Green growth paradigm for Africa's economy

Dominic Waughray of Nigeria’s Business Day Newspaper (May 4, 2011) looks ahead at the December 2011 United Nations annual conference on Climate Change to be held in Durban (South Africa), in relation to the much hyped Green Climate Fund (USD 100 bn per year by 2020) agreed at the Mexican-climate talks in Cancun in 2010.

He cautions that although it sounds a lot, US$100bn per year simply won't be enough to pay for the transition to a resilient, low carbon economy, even if all the money were just for Africa. For example, leaving aside the cost required to pay for the damage climate change will cause, US$100bn will not cover the cost of investing in cleaner, more widespread energy systems across the continent.

Dominic rightly ponders on the question: How best to design the Green Climate Fund to ensure that Sub Saharan Africa and other developing regions can make most use of the US$100bn a year that richer countries promised will be available annually by 2020?

Dominic suggests that to be of maximum use, the US$100bn of overseas assistance on offer within the Green Climate Fund will need to be used to attract other forms of investment into the renewables markets in Africa, particularly from the private sector.

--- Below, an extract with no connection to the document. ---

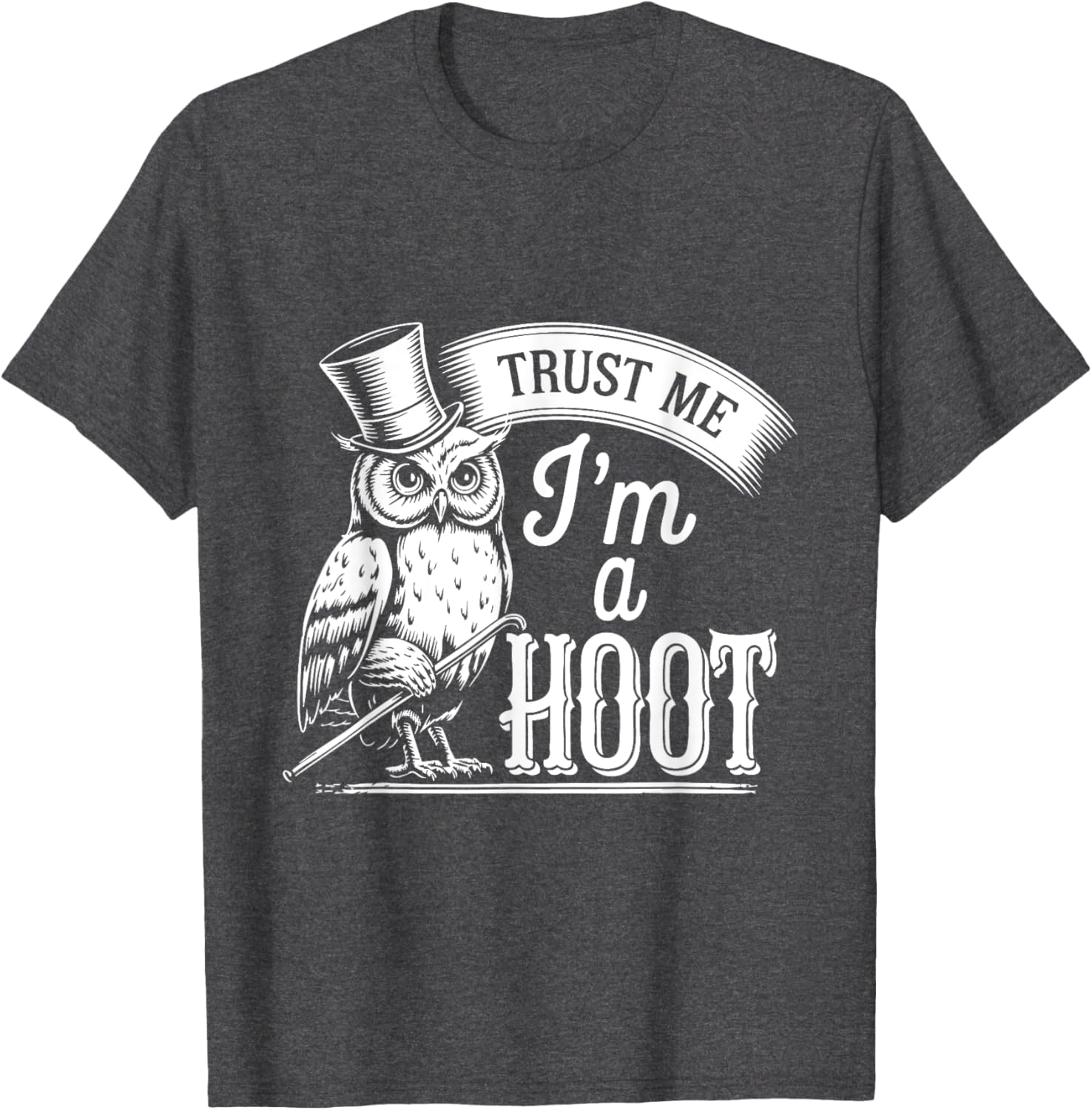 Funny Hoot Owl Sarcastic Bird T-Shirt for Hilarious Casual Wear - 1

He recommends using the US$100bn of public money to draw in a much greater private capital flow from domestic and international markets based on ‘blended public-private’ investment activities. Not only does this create an upscale in clean energy investment projects that help to reduce emissions, it also helps with energy access, an important issue for Africa. Many more decentralised solar projects, for example, could be financed, if ways of aggregating investment risk to the private sector can be identified. A further benefit is of course, that these investments would not be delivered as overseas aid, but instead as on-the-balance-sheet investments, which would boost GDP and stimulate international partnerships with the private sector in investment and technology. In this way, emissions reduction targets become reformulated as GDP enhancing "green-growth" strategies - an economically attractive, growth-orientated path for African countries, and others, to pursue.

But then, Dominic puts across a (readiness) question for Africa: what sorts of economic and industrial policies might African countries develop in order to attract these green investment partnerships, and what role can richer countries play through the Green Climate Fund and other instruments, to provide aid funds to help speed this up?